In certain role-playing video games, players control the actions of one or more characters, with the objective of developing unique character profiles that accumulate various objects and abilities through extended play. The rules for how quickly, how many, and what type of abilities are obtained and/or how quickly, how many, and what type of objects a character may find or receive involve several different variables, ratings or statistics, collectively parameters. These parameters determine the outcome of various chance or future events that lead to new objects and abilities.
The proper selection of these parameters is very challenging, however. First, video games may have an endpoint where the user's enjoyment stagnates because the user has achieved the biggest challenge possible or has used all of the assets available to him or her in achieving an objective. Users also have a tendency to be discouraged if they do not win or acquire any assets in a few consecutive games, if they perceive a game level to be too complex, or if the game rewards are not forthcoming. Additionally, some players are not always engaged, playing only intermittently. Especially in the smart device market segment, players are very time sensitive and tend to skip or switch to another game, application, channel or webpage whenever they do not feel sufficiently engaged with a game. As such, the improper selection of parameters may lead to a player becoming unengaged because they do not win or acquire any assets, they perceive a game level to be too complex, or the game rewards are not forthcoming.
Second, to properly engage users, the reward system of a video game must be fair and consistent. The improper selection of parameters can easily skew the reward system of a game by giving new users too many assets, at the expense of established users or vice-versa, by granting too many tokens, awards, objects, or abilities to one subset of users relative to another subset of users, or by assigning too much, or too little, value to a particular actions, challenge, objective or object. If the reward system of a game becomes corrupted in this fashion, players tend to feel the game is unfair, leading to disengagement.
Third, the selection of parameters should still preserve the randomness of value creation and activities within a game, thereby avoiding any express or implicit favoring of one subset of players relative to another, while still limiting the randomness to being within certain bounds, thereby avoiding excessively large, or small, rewards.
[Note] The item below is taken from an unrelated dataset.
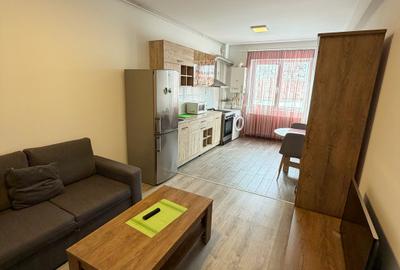 Pacii l Rotar Park 1 l 2 Camere+Parcare l 2 Min Metrou l - 2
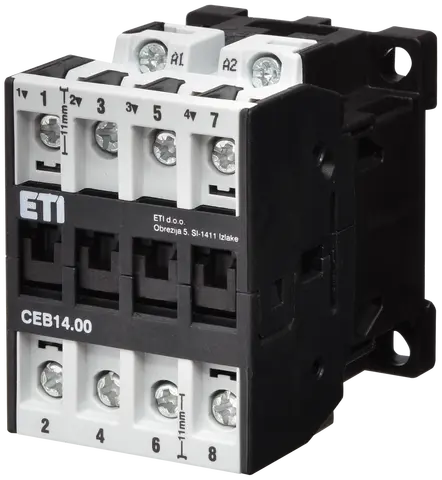 Kép erről: CEB14.00-230V-50/60HZ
Thus, there is a need for methods and systems that can assist video game developers in designing video games that maximize user engagement and retention by proactively modeling the effect of certain gaming parameters within a game. There is also a need for methods and systems that can assist video game developers in predicting how a plurality of gaming parameters will affect the reward system of a game, user engagement and user retention. It is also desired that such a system is easily accessible to the developers and provides a user friendly interface.